このころ、広告はまだ白黒印刷であり、広告文は文語体、モデルは和服姿でした。当時の人々は美白を追求していたのでしょうか。「肉體色白新劑」の広告文には、商品を使用すれば、男女共に肌が白く美しくなり、きめも細やかになると書かれています。
二色・三色刷りの広告が現れ、カタカナ交じりの商品が増えました。「ヲイテルミン」の広告は、当時鉛中毒の問題が認識されていながらも依然として鉛白粉が使用されていたことを示しています。
広告文では依然として白肌が強調されていますが、より成分や効能に言及するようになりました。また、鉛中毒の危険性が広く認識されてきたのでしょうか。御園白粉をはじめ、無鉛を謳う広告が登場しました。

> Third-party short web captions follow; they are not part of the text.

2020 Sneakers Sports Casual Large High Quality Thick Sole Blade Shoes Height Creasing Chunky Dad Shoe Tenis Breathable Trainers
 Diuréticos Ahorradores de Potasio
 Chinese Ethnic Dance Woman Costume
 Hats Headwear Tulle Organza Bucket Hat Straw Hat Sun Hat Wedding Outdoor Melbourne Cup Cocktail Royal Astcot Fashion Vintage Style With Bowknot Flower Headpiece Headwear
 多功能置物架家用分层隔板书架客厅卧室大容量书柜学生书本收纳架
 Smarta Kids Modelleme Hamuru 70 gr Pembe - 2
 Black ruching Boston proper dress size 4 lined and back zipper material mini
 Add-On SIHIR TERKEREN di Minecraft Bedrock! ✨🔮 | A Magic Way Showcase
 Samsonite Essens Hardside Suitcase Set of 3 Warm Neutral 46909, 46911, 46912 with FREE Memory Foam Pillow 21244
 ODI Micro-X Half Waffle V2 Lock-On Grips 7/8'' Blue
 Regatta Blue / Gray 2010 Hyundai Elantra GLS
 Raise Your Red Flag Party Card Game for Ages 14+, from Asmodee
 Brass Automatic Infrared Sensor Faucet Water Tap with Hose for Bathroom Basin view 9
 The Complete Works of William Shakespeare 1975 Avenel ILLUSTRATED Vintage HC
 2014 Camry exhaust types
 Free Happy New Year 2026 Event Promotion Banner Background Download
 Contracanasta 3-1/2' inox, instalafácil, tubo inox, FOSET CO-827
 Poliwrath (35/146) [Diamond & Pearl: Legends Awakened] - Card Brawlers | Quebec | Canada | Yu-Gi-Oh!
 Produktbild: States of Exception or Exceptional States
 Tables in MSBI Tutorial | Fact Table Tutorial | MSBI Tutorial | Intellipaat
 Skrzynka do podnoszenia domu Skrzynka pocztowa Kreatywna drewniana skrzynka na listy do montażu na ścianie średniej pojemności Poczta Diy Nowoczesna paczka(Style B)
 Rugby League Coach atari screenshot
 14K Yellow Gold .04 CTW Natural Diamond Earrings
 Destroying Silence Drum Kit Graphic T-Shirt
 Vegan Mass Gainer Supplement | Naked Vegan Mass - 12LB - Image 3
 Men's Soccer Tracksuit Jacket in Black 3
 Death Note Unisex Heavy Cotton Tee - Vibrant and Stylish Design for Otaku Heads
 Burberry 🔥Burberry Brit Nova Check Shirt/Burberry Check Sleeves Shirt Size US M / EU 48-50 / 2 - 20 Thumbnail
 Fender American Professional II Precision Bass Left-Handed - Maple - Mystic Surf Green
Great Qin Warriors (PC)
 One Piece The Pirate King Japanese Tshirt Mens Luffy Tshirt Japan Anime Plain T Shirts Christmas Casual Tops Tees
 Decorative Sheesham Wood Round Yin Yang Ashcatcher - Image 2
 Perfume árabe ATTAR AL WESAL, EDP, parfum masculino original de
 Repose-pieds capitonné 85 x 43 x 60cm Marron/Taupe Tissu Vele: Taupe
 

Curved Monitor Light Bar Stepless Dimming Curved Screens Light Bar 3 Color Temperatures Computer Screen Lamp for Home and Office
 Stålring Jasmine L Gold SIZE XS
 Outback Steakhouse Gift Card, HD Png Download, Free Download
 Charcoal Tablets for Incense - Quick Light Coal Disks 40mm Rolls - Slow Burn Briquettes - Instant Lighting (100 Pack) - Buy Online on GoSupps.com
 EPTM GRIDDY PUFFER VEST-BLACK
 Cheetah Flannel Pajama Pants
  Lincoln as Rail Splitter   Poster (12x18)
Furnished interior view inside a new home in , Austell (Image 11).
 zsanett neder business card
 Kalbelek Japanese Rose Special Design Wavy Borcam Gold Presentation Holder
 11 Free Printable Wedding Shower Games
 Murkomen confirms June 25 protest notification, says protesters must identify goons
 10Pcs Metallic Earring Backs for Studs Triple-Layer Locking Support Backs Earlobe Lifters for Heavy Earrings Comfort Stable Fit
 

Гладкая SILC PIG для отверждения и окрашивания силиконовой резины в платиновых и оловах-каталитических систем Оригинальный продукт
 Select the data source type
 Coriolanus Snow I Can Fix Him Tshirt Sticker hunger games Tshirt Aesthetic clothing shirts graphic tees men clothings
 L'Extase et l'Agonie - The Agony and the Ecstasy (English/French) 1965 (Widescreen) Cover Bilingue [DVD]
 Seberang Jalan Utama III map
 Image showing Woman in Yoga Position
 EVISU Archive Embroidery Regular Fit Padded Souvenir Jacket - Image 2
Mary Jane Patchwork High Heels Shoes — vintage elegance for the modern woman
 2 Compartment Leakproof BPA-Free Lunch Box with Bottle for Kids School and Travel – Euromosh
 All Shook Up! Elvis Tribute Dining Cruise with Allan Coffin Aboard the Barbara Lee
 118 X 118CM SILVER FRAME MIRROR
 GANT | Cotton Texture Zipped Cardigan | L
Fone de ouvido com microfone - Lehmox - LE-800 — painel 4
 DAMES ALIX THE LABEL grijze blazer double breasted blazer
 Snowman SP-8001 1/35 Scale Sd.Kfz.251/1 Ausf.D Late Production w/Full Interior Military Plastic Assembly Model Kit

絵画調のタッチが特徴的なクラブ白粉、有名デザイナーやハリウッド女優を起用するヘチマコロン(画像掲載なし)など、視覚的に訴える広告が増加しました。
昭和初期の近代化政策に伴い、「健康美」が重要視されるようになると、化粧品においても「青春」「健康」「爽やか」など、若々しさをアピールする商品が増えてきました。
戦前・戦中期に入ると、健康美や日本人の美しさを称える広告が増すとともに、「銃後」「戦場」など物々しい文言が並ぶようになりました。
戦後には再び、欧米人や英語を全面に出した広告が登場します。
戦前は、白粉を中心としたベースメイクの広告が多く見られましたが、戦後は、口紅をはじめとするポイントメイクの広告が増加しました。流行色を打ち出した広告や海外製を強調するキャッチコピーが特徴的です。また、「マダムジュジュ」のような年齢化粧品も現れました。
カラーテレビが登場したこの頃、広告はより鮮明になり、化粧品自体のカラーバリエーションも増えました。1964年7月には、東京オリンピックにちなんだ広告も見られます。